Med Clin (Barc) 2008;
130:492-3. [PMID:
18423167 DOI:
10.1157/13119490]
[Citation(s) in RCA: 2] [Impact Index Per Article: 0.1] [Reference Citation Analysis] [Abstract] [Track Full Text] [Journal Information] [Subscribe] [Scholar Register] [Indexed: 01/19/2023]
Abstract
BACKGROUND AND OBJECTIVE
To establish the nasogastric enteral nutrition tolerance in patients with severe acute pancreatitis.
PATIENTS AND METHOD
A total of 12 patients with severe acute pancreatitis (> or = 3 Ranson criteria; C-reactive protein > 210 mg/dl) and adverse clinical course were included during 2006. When we verified the disease severity, nasogastric (10 F) enteral nutrition was initiated.
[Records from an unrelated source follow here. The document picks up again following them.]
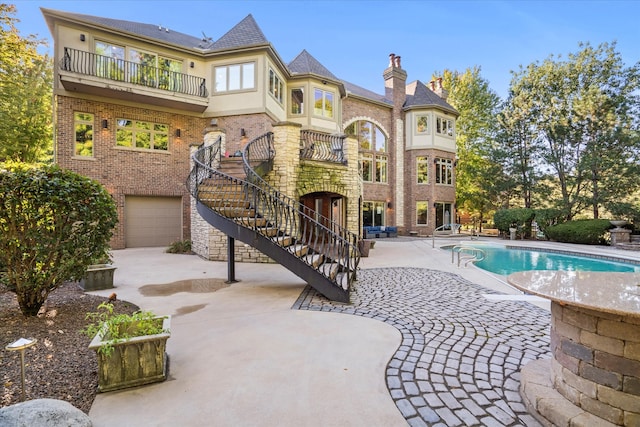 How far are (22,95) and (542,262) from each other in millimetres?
24486

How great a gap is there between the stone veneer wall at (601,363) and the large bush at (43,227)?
201 inches

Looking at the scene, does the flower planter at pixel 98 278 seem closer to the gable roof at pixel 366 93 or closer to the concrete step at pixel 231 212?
the concrete step at pixel 231 212

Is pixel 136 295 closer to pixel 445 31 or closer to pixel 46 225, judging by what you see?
pixel 46 225

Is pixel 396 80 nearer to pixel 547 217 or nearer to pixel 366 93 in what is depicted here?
pixel 366 93

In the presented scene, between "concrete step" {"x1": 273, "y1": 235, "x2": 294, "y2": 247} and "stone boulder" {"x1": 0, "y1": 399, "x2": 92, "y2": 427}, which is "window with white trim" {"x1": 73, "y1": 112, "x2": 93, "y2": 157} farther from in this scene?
"stone boulder" {"x1": 0, "y1": 399, "x2": 92, "y2": 427}

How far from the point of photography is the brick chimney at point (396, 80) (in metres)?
19.4

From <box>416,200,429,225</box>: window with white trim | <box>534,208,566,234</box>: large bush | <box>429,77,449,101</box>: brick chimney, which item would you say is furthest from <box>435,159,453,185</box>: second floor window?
<box>429,77,449,101</box>: brick chimney

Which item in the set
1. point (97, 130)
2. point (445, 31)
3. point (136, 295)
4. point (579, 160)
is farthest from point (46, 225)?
point (579, 160)

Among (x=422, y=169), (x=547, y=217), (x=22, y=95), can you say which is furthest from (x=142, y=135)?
(x=547, y=217)

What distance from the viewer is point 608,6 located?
11.5 m

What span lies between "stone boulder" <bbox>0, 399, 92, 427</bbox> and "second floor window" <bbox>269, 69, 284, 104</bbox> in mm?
12856

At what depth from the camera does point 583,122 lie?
16.2 m

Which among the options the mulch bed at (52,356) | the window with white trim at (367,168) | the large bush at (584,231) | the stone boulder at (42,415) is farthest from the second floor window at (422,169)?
the stone boulder at (42,415)

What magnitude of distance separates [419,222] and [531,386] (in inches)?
706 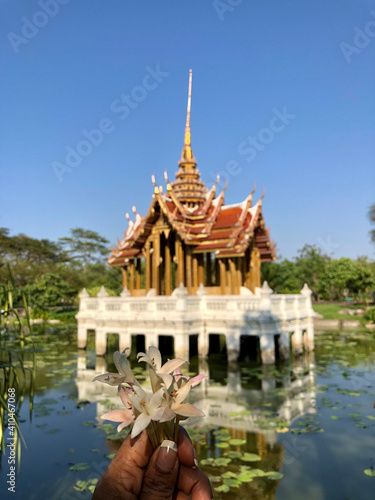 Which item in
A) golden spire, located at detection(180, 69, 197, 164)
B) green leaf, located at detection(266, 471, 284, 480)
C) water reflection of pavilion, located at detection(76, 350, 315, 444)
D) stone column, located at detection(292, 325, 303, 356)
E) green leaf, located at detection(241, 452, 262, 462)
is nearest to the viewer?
green leaf, located at detection(266, 471, 284, 480)

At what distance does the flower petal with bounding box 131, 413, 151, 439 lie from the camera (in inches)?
55.1

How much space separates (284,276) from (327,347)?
22.5 meters

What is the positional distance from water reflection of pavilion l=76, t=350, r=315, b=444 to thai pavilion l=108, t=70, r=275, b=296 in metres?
4.52

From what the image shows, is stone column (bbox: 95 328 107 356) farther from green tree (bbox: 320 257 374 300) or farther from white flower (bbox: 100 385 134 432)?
green tree (bbox: 320 257 374 300)

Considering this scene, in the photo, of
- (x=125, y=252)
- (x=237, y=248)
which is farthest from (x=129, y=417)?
(x=125, y=252)

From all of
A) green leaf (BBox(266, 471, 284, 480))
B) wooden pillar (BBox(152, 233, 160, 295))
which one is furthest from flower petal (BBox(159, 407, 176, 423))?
wooden pillar (BBox(152, 233, 160, 295))

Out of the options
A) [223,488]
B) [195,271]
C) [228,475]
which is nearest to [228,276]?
[195,271]

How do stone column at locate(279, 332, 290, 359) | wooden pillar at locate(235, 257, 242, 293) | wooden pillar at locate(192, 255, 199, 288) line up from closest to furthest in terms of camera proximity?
1. stone column at locate(279, 332, 290, 359)
2. wooden pillar at locate(235, 257, 242, 293)
3. wooden pillar at locate(192, 255, 199, 288)

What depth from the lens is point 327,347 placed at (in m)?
17.6

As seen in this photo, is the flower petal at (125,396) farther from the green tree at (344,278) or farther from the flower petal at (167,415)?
the green tree at (344,278)

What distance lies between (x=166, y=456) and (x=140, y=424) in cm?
18

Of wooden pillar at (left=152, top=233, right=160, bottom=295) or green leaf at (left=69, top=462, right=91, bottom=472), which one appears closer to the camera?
green leaf at (left=69, top=462, right=91, bottom=472)

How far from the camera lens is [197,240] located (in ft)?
56.1

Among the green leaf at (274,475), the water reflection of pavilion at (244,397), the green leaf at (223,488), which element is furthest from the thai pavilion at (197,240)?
the green leaf at (223,488) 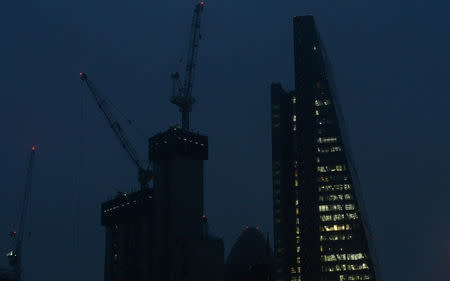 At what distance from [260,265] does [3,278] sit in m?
67.6

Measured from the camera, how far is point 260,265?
145750 millimetres

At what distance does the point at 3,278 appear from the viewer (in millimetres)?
161500

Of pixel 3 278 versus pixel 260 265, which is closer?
pixel 260 265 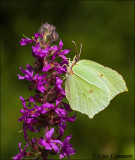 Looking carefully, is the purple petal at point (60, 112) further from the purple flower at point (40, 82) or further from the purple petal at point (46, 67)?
the purple petal at point (46, 67)

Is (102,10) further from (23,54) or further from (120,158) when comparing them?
(120,158)

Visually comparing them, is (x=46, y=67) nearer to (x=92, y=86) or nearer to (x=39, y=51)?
(x=39, y=51)

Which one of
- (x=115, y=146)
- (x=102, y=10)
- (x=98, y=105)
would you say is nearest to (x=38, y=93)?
(x=98, y=105)

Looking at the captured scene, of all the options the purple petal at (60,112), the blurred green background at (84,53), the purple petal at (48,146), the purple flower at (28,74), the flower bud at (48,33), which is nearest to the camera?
the purple petal at (48,146)

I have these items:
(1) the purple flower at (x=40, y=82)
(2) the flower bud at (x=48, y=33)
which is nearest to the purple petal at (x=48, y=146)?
(1) the purple flower at (x=40, y=82)

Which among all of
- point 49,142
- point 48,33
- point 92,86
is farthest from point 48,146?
point 48,33

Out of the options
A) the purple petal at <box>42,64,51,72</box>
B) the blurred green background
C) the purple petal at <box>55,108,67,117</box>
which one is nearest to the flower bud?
the purple petal at <box>42,64,51,72</box> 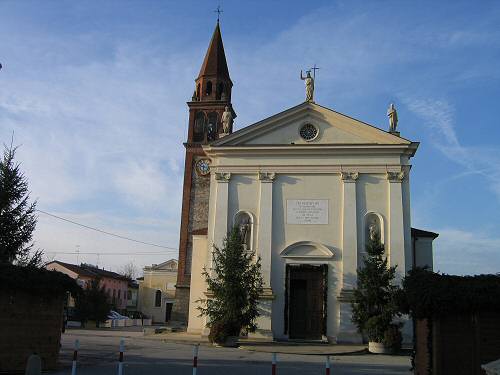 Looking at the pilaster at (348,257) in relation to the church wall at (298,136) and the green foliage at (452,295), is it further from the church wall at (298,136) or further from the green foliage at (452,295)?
the green foliage at (452,295)

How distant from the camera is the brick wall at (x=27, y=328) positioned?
41.7 ft

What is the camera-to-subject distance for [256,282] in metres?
25.0

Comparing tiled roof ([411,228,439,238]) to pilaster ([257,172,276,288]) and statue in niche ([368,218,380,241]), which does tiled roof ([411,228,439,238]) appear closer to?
statue in niche ([368,218,380,241])

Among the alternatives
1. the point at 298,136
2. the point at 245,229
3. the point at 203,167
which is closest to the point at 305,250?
the point at 245,229

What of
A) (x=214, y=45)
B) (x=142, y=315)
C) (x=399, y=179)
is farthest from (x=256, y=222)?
(x=142, y=315)

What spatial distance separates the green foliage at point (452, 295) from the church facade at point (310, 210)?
1439 centimetres

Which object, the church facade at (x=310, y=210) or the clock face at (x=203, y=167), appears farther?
the clock face at (x=203, y=167)

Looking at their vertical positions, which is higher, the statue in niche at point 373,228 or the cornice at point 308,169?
the cornice at point 308,169

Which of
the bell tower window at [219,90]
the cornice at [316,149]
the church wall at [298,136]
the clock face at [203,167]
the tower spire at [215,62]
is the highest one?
the tower spire at [215,62]

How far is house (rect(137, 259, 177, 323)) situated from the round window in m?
36.2

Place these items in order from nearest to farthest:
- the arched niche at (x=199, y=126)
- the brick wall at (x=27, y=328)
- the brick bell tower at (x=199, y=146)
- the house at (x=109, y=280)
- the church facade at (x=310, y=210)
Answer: the brick wall at (x=27, y=328) < the church facade at (x=310, y=210) < the brick bell tower at (x=199, y=146) < the arched niche at (x=199, y=126) < the house at (x=109, y=280)

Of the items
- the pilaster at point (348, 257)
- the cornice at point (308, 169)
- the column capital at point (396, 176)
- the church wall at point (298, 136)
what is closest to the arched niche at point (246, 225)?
the cornice at point (308, 169)

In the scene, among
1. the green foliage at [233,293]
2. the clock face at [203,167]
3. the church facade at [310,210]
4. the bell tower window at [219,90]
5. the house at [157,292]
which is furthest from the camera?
the house at [157,292]

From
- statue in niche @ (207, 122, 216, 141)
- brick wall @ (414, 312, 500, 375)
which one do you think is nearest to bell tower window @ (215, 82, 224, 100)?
statue in niche @ (207, 122, 216, 141) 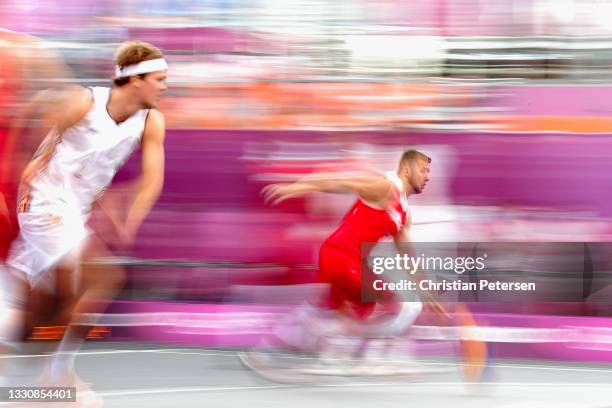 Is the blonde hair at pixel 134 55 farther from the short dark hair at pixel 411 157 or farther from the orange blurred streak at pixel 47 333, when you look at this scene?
the short dark hair at pixel 411 157

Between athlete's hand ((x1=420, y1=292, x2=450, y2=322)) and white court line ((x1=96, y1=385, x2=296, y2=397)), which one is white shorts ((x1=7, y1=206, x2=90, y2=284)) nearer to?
white court line ((x1=96, y1=385, x2=296, y2=397))

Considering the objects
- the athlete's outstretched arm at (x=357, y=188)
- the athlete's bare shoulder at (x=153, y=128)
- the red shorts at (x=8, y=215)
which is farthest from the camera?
the red shorts at (x=8, y=215)

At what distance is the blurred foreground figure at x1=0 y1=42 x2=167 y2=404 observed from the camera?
5.09 meters

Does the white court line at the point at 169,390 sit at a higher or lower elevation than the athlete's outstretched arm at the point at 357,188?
lower

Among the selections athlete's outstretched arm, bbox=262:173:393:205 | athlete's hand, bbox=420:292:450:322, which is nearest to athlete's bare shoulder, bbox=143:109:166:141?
athlete's outstretched arm, bbox=262:173:393:205

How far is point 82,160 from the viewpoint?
514 cm

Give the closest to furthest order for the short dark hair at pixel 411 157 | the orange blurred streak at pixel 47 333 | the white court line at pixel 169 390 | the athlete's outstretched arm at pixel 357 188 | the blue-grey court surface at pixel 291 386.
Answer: the orange blurred streak at pixel 47 333 < the blue-grey court surface at pixel 291 386 < the white court line at pixel 169 390 < the athlete's outstretched arm at pixel 357 188 < the short dark hair at pixel 411 157

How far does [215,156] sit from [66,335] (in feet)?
8.03

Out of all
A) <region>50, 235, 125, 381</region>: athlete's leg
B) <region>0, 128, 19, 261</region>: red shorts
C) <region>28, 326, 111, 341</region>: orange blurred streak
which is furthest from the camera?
<region>0, 128, 19, 261</region>: red shorts

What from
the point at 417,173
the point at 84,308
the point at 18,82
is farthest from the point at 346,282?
the point at 18,82

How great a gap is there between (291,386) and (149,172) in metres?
1.75

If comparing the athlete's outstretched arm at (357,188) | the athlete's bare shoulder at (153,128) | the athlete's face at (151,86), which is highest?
the athlete's face at (151,86)

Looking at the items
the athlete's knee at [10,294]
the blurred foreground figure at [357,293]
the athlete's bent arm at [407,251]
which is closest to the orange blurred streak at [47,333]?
the athlete's knee at [10,294]

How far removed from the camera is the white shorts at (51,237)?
16.7ft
We used a low fat semi-elemental feed (Dietgrif) in a slow infusion rate. We evaluated the enteral nutrition tolerance and the adverse events.
RESULTS
The patient (4 women and 8 men) mean age (standard deviation) was 70 (11) years and the mean hospital stay was 86 days (range: 14-405 days). The etiology of pancreatitis was: gallstones 8, alcohol abuse one and unknown 3. All patients had medical and/or pancreatic complications. Seven had significant pancreatic necrosis detected in the abdominal computed tomography. Three patients were admitted in the critical care unit and 2 died. The nasogastric enteral nutrition was well tolerated in 8 out of 12 patients (67%) regardless of their medical or pancreatic complications. Only in 3 patients we had initially to discontinue the feeding because of ileus and total parenteral nutrition was provisionally necessary. Enteral nutrition was impossible in one patient because of duodenal stenosis.
CONCLUSIONS
Nasogastric enteral nutrition is well tolerated in patients with severe acute pancreatitis and it is an alternative to others nutritional routes.